* Directions *
For the material below, return exactly the lines starting at the line containing "Plymouth Inn Okehampton Extérieur photo" and ending at the line containing "434 Arlington St, Reading, PA 19611", both ends included, and no others.

* Provided data *
= Beginning of Section =

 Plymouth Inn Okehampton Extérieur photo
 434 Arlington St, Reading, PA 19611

= End of Section =
= Beginning of Section =

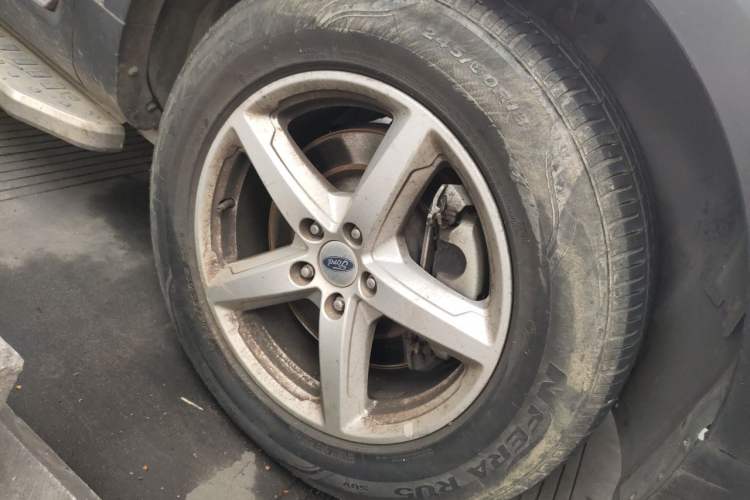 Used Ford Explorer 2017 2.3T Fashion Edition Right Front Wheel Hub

= End of Section =

* Reply *
 Plymouth Inn Okehampton Extérieur photo
 434 Arlington St, Reading, PA 19611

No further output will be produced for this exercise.